Rui DeSousa <rui@xxxxxxxxxxxxx> · Mon, 5 Nov 2018 11:48:03 -0500

> On Nov 5, 2018, at 6:24 AM, Achilleas Mantzios <achill@xxxxxxxxxxxxxxxxxxxxx> wrote:
> 
> 
> Our current settings are :
> 
> wal_keep_segments = 512
> max_wal_size = 2GB
> min_wal_size = 1GB
> 
> Our setup is as follows :

The settings seem counterintuitive; if you’re using standard 16MB WAL files then keep parameter is at 8GB but max_wal_size is at 2GB — that seems counterproductive to me and would cause more checkpoints than needed.

How often are your checkpoints occurring and why, time or log? What’s your checkpoint_timeout set to? 

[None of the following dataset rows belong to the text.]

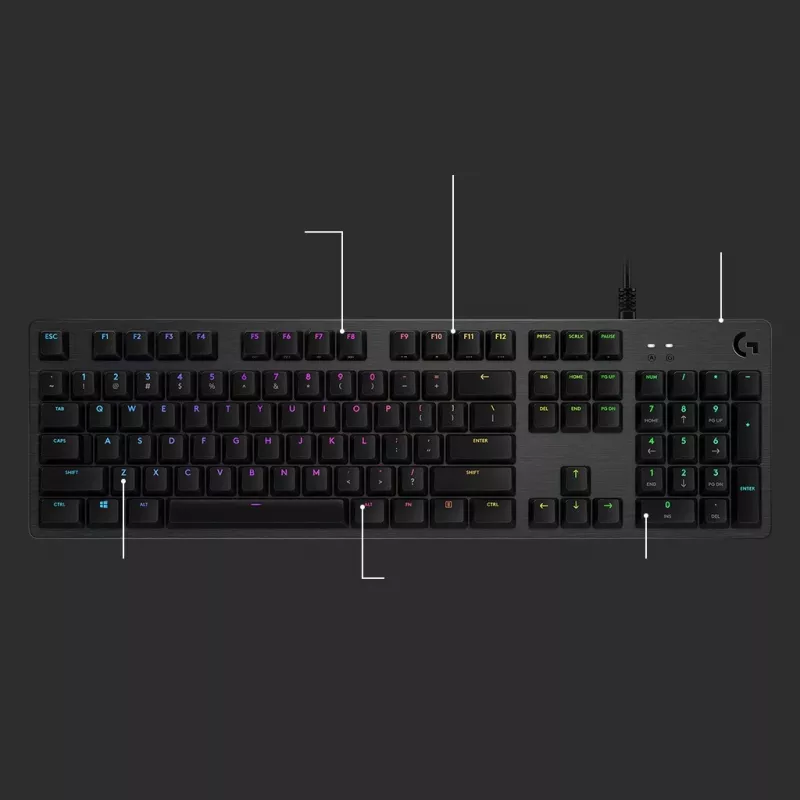 Teclado de gaming Logitech G512, Preto, com fios, layout suíço, 920-009347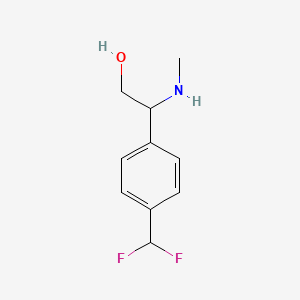 molecular formula C10H13F2NO B13122274 2-(4-(Difluoromethyl)phenyl)-2-(methylamino)ethan-1-ol 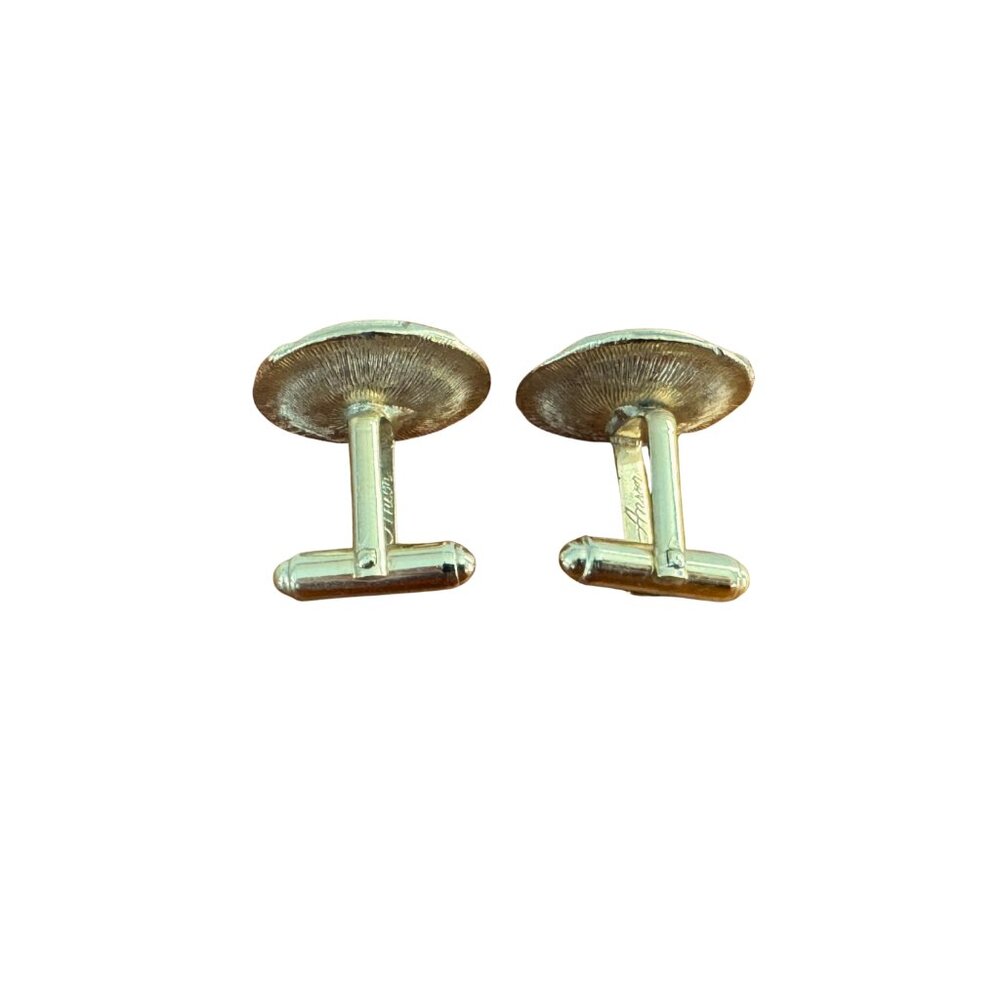 Anson Signed Blue Rivoli Crystal Gold Tone Cufflinks Vintage - Picture 5 of 11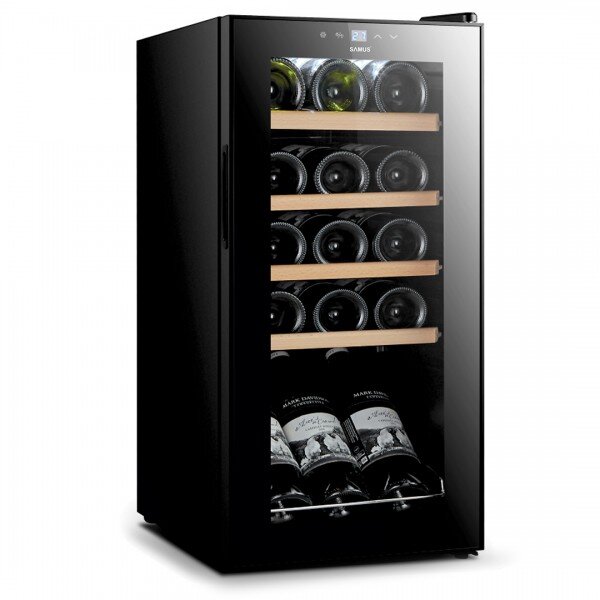 Racitor de Vinuri SRV49LMC 44L 15 Sticle 4 Rafturi LED Iluminare LED Afisaj Electronic Control Tactil Clasa G Negru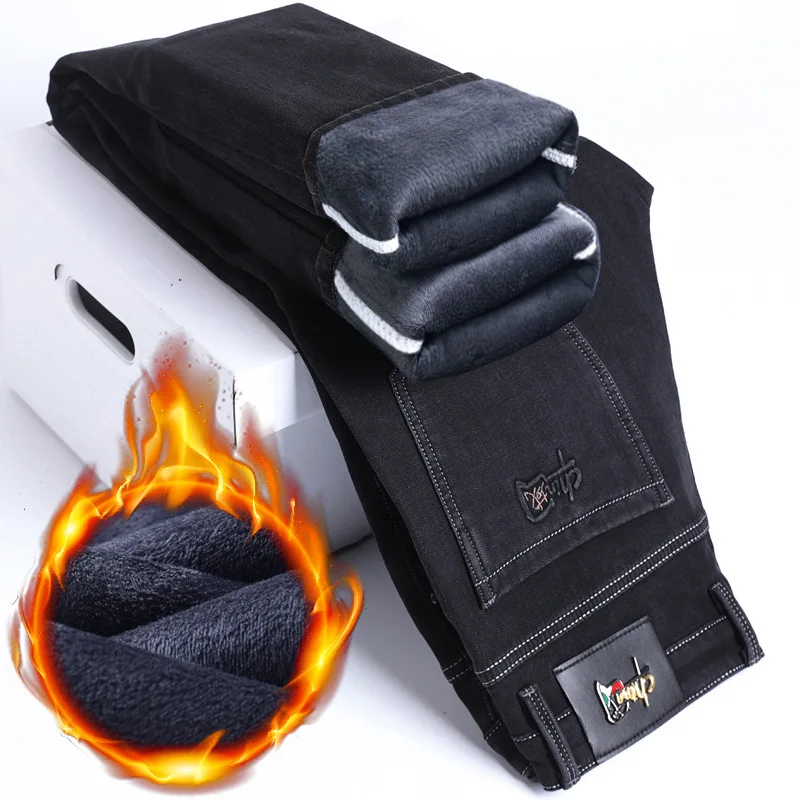 Mens Winter Thicken Fleece Denim Pants Mens Classic Business Casual Loose Straight Stretch Jeans High Quality Warm Jean Trousers 3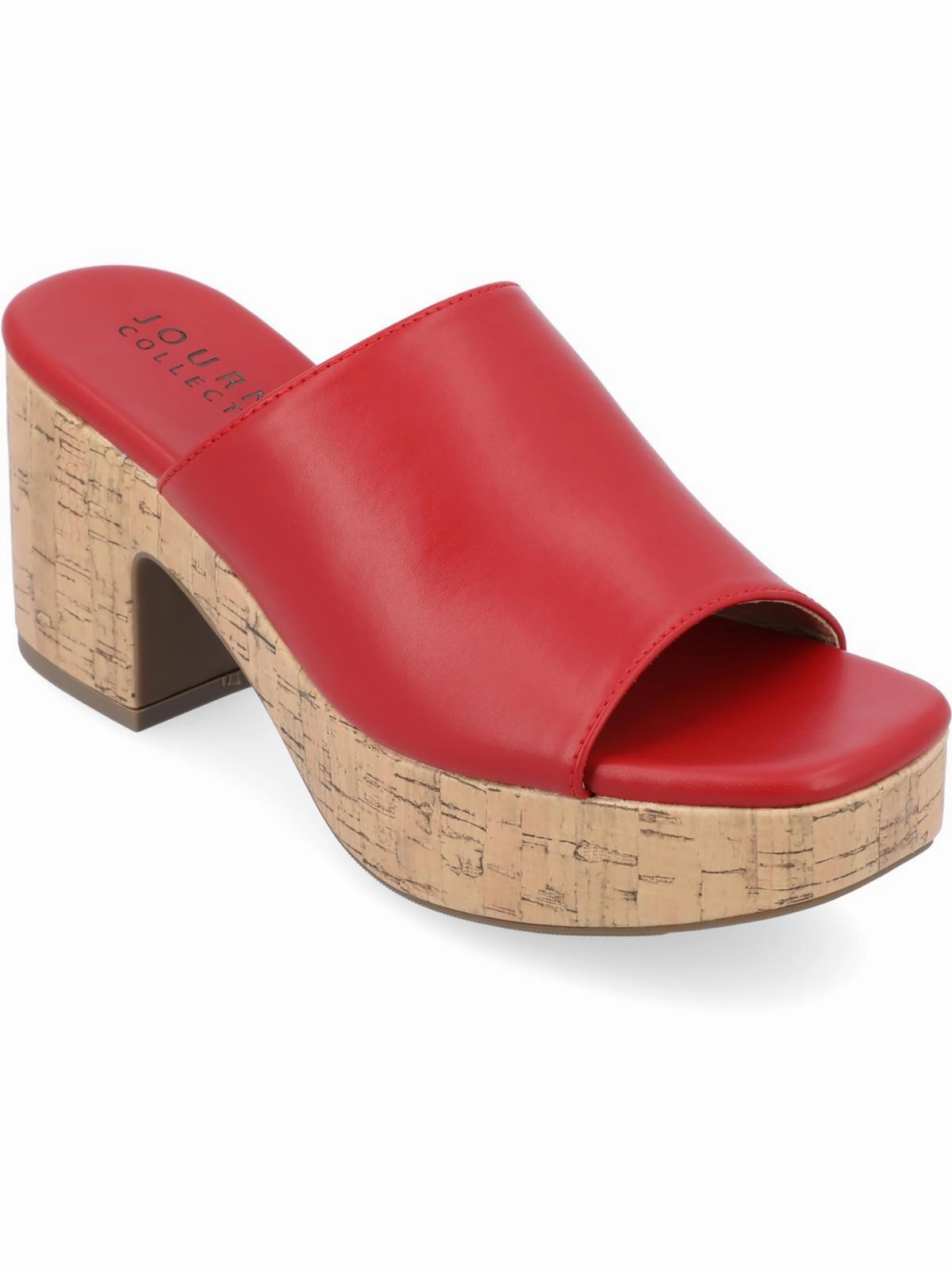 Womens Faux Leather Slip On Platform Sandals
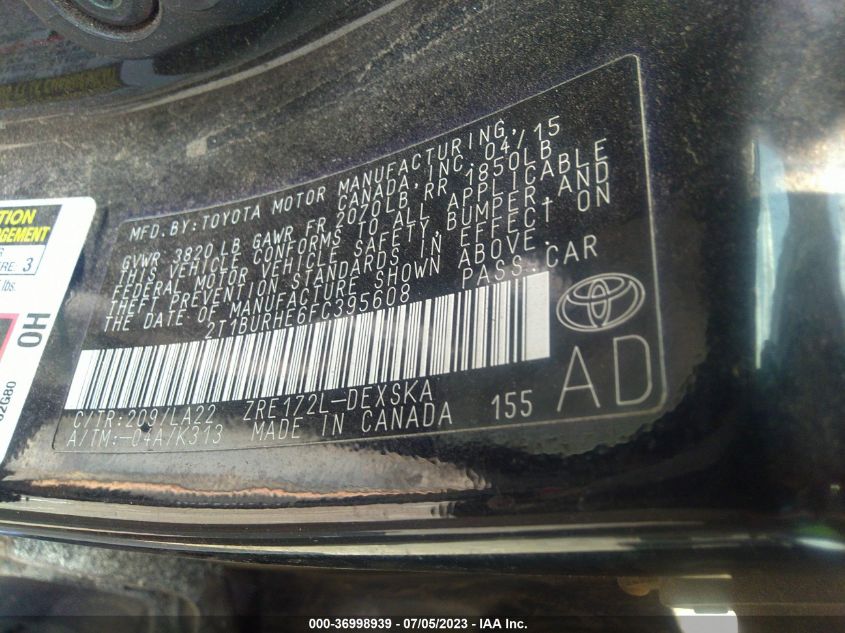 2015 TOYOTA COROLLA L/LE/S/S PLUS/LE PLUS - 2T1BURHE6FC395608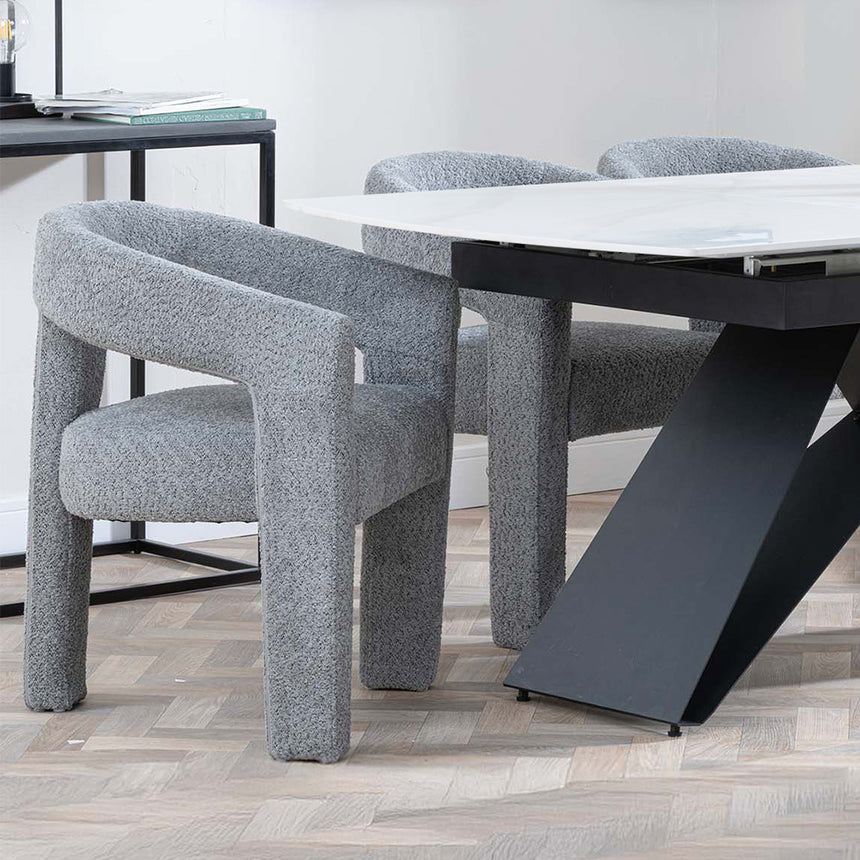 Alice White Ceramic Extending Dining Set - Killen Boucle Fabric Dining Chair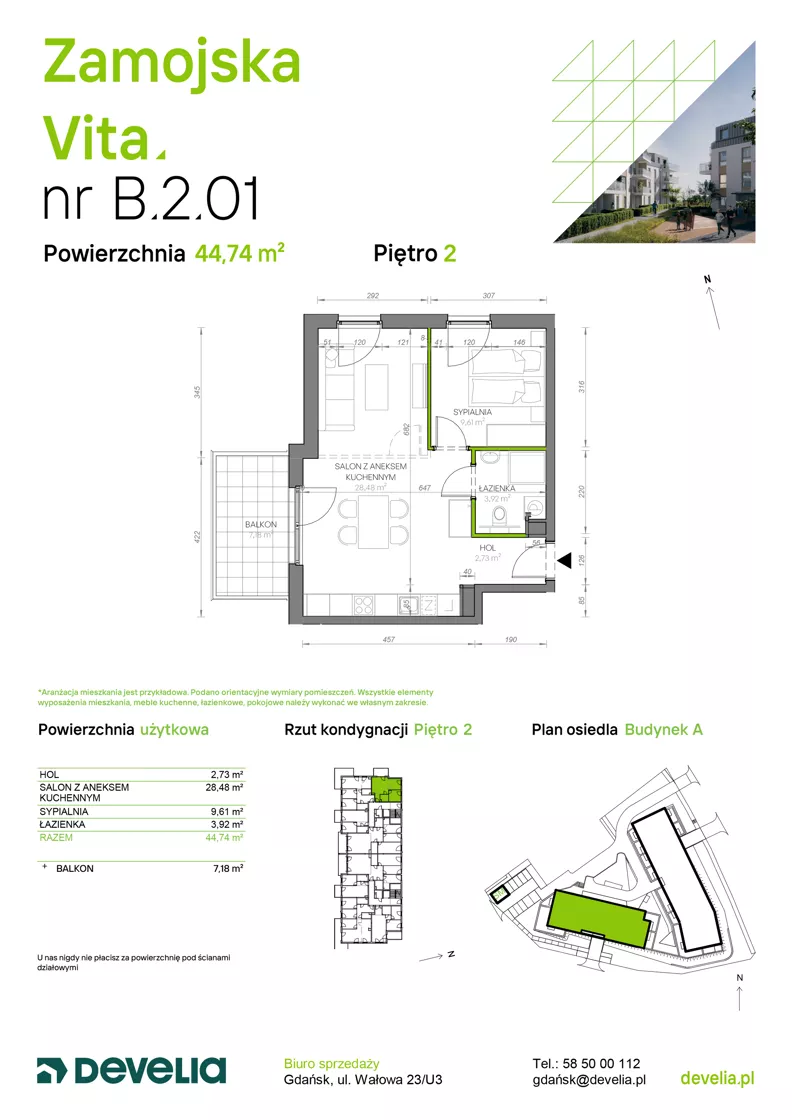 2 pokoje, mieszkanie 44,74 m², piętro 2, oferta nr B.2.01, Zamojska Vita, Gdańsk, Ujeścisko-Łostowice, Ujeścisko, ul. Zamojska 11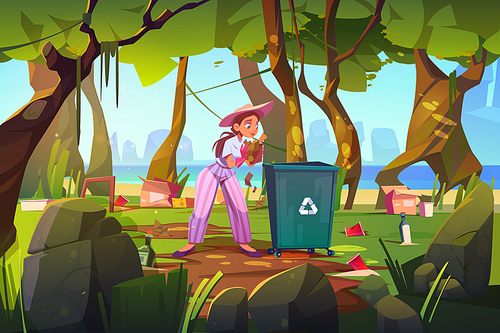 Woman clean up forest and beach area. Girl at ocean shore polluted with plastic garbage. Sea side with different kinds of trash and wastes under trees. Ecology pollution, Cartoon vector illustration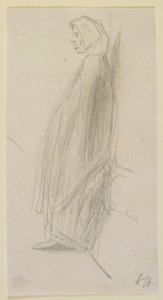 Ayakta duran yaşlı bir kadının profil çizimi, 1858. by James Abbott McNeill Whistler
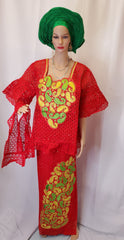 CLASSIC HIGH QUALITY RED READY-MADE BLOUSE WITH WRAPPER FULLY STONES SENEGALESE
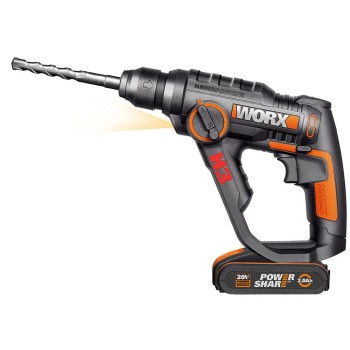 WORX WX390.1 20Volt 2.0Ah. Li-ion 1.2J Profesyonel SDS-Plus Pnömatik Çift Akülü Şarjlı Matkap + 8 Adet Uç + Mandren WORX WX390.1 20Volt 2.0Ah. Li-ion 1.2J Profesyonel SDS-Plus Pnömatik Çift Akülü Şarjlı Matkap + 8 Adet Uç + Mandren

> primary (smadb) <--> (no replication slot) physical hot stanbdby (smadb2) (managed via repmgr) <--> (replication slot) barman
>                 ^--> (replication slot) logical subscriber (testsmadb)
>                 ^--> wal archiving to host (sma) (via /usr/bin/rsync -a --delay-updates %p sma:/smadb/pgsql/pitr/%f )

Did you check the status of both the replication slots and archiving status? 

> No ERRORs indication anything with the archive command in the logs,

Postgres is not going log an error if archive command fails; I believe that is up to the your archive command to log the error. 

I would suspect it might have been your archive command.  Could you verify that you have all the WAL files? I’ve seen a case in a 9.2 environment where the startup removed files that were not yet archived thus losing WAL files and breaking the backup.  

It would be great if you can double check to see if have all the WAL files (no gaps) and report back.